## Instructions to follow:
Beginning with the line that holds "5 Padlock Charms, Lock", write out each line exactly as it stands until the end of the data, and include no pictures.

## Given material:
::::::::

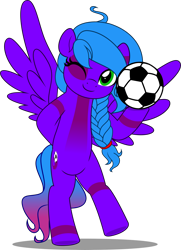 Size: 3619x5001 | Tagged: safe, artist:jhayarr23, imported from derpibooru, oc, oc only, oc:violet aura, pegasus, bipedal, braid, commission, commissioner:solar aura, eye spot, football, one eye closed, pegasus oc, simple background, solo, sports, transparent background, wings, wink, ych result, your character here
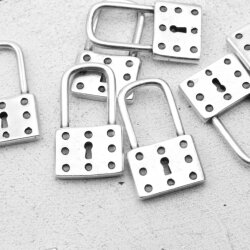 5 Padlock Charms, Lock Necklace Charm, Lock Pendant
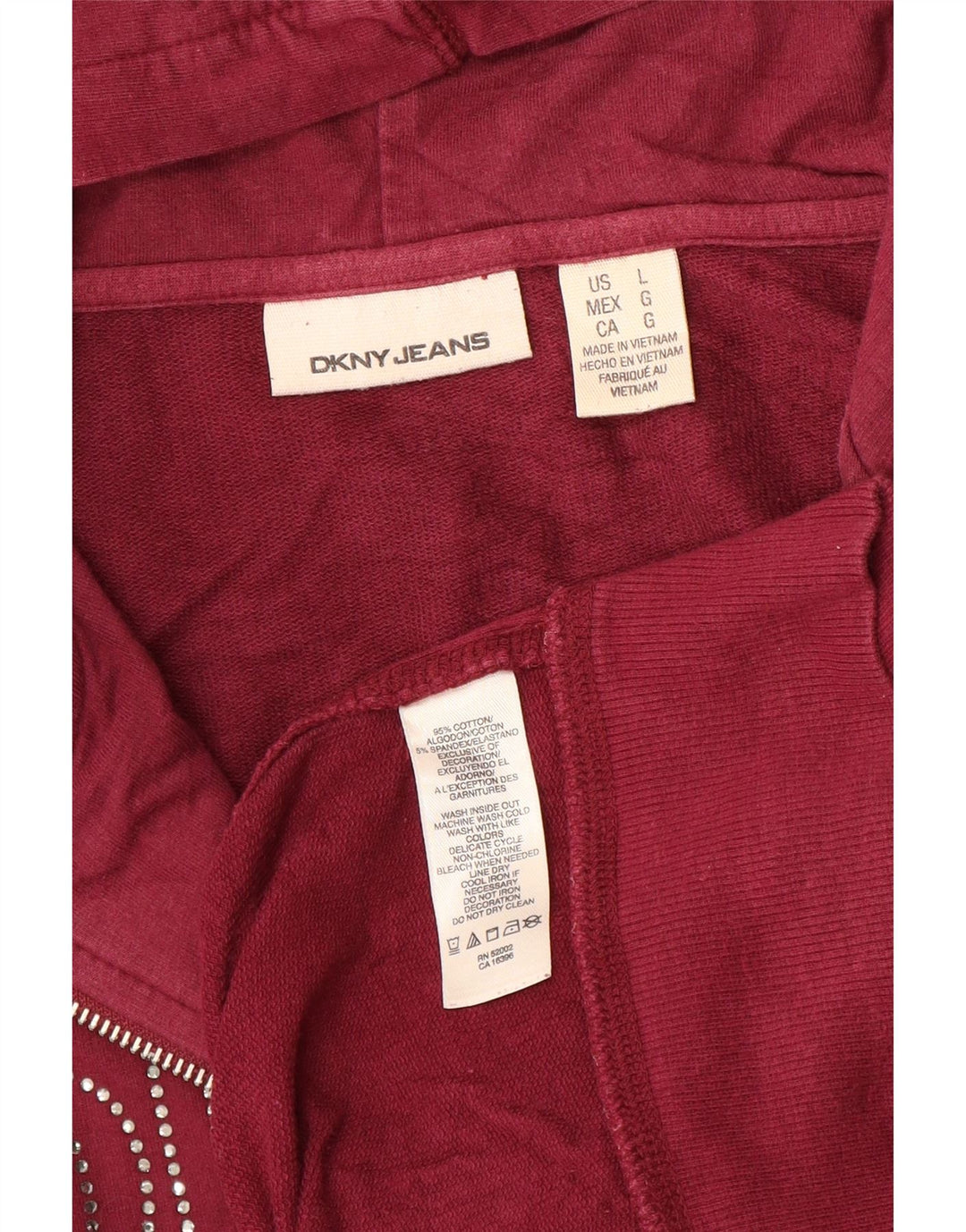 DKNY Pull à capuche zippé graphique pour femme UK 14 Grand coton bordeaux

::::::::

## Response area:
 5 Padlock Charms, Lock Necklace Charm, Lock Pendant
 DKNY Pull à capuche zippé graphique pour femme UK 14 Grand coton bordeaux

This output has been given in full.